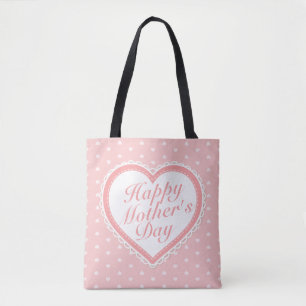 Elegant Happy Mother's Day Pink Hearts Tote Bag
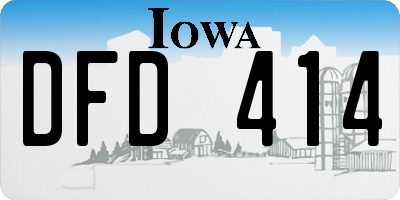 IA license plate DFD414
--
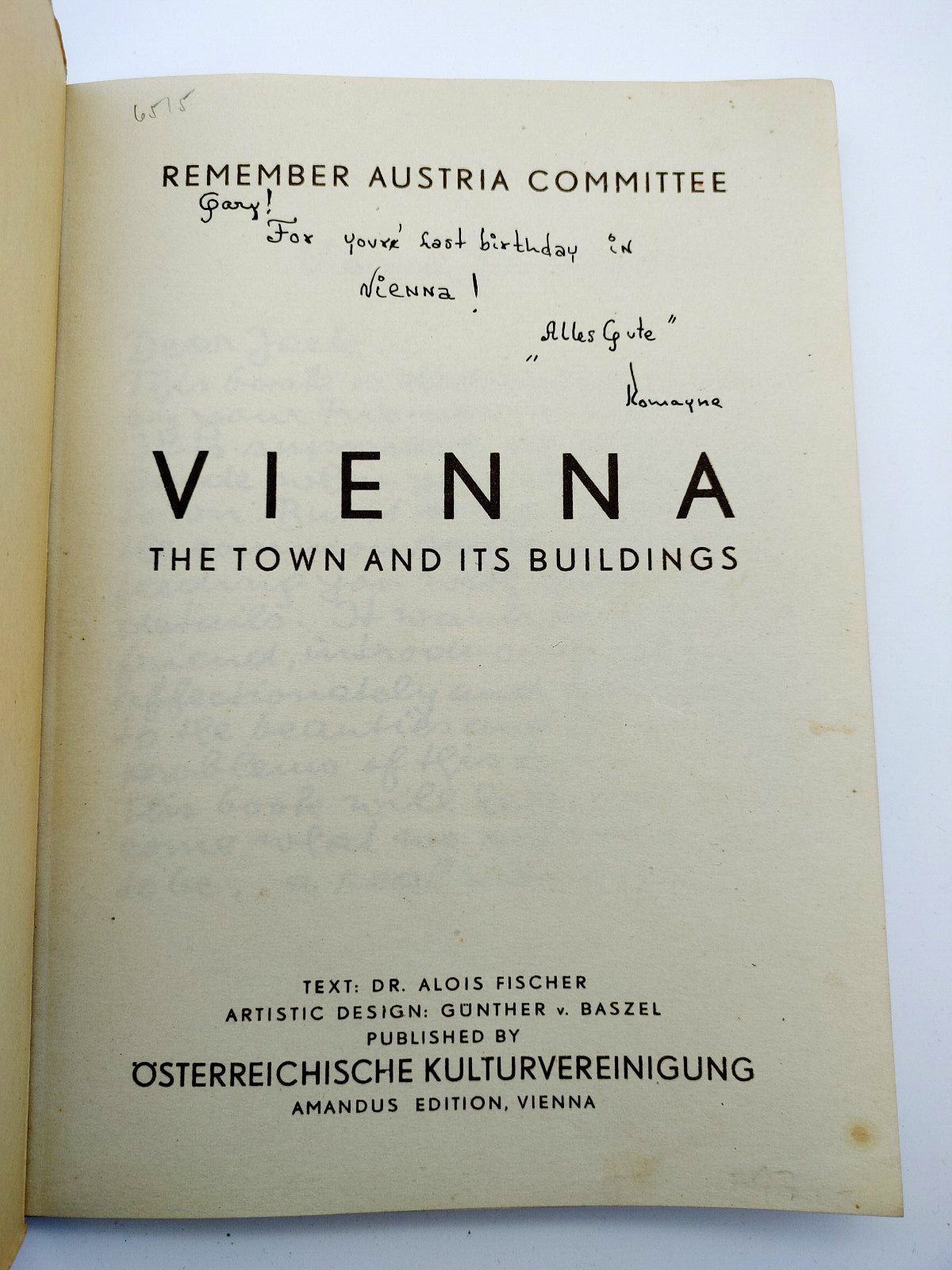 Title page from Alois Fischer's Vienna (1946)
...
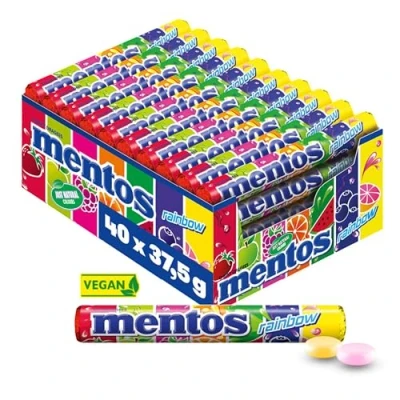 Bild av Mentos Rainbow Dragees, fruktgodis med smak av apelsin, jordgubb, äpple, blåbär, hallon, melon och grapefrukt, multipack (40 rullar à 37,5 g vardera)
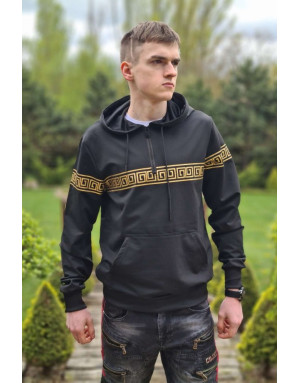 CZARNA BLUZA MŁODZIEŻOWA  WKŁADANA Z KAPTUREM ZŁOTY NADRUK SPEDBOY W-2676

*Task to complete*.
Transcribe, exactly and without pictures, everything in the data from the line with "Bild av Mentos" down to the line with "CZARNA BLUZA MŁODZIEŻOWA", both included.

*The completed task*.
 Bild av Mentos Rainbow Dragees, fruktgodis med smak av apelsin, jordgubb, äpple, blåbär, hallon, melon och grapefrukt, multipack (40 rullar à 37,5 g vardera)
 CZARNA BLUZA MŁODZIEŻOWA  WKŁADANA Z KAPTUREM ZŁOTY NADRUK SPEDBOY W-2676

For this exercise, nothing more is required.